# DATA RECORDS:
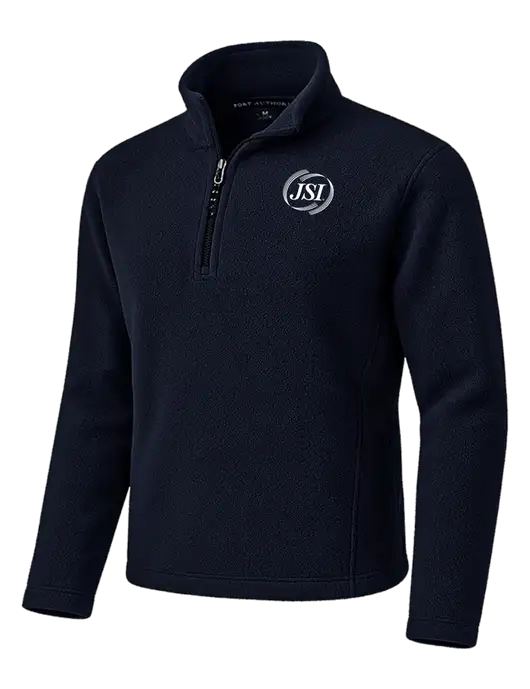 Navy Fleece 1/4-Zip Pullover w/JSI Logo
--
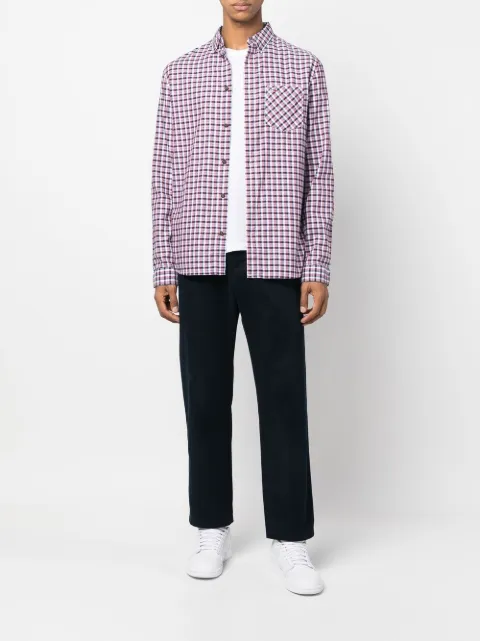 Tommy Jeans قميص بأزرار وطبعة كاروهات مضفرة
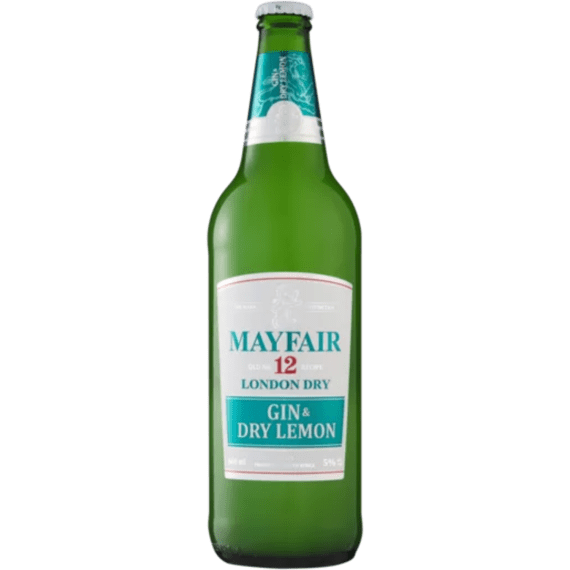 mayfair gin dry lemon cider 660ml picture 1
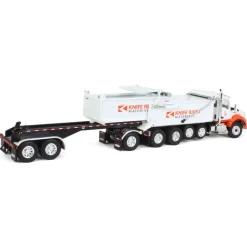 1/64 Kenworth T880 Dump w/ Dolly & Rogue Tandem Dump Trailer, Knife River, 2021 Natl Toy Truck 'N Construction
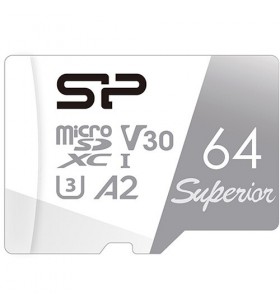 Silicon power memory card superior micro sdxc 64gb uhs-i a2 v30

# WORK INSTRUCTION:
Copy word for word the lines above, starting at the line containing "1/64 Kenworth T880" and ending at the line containing "Silicon power memory", inclusive, with no pictures.

# FINISHED EXERCISE:
 1/64 Kenworth T880 Dump w/ Dolly & Rogue Tandem Dump Trailer, Knife River, 2021 Natl Toy Truck 'N Construction
 Silicon power memory card superior micro sdxc 64gb uhs-i a2 v30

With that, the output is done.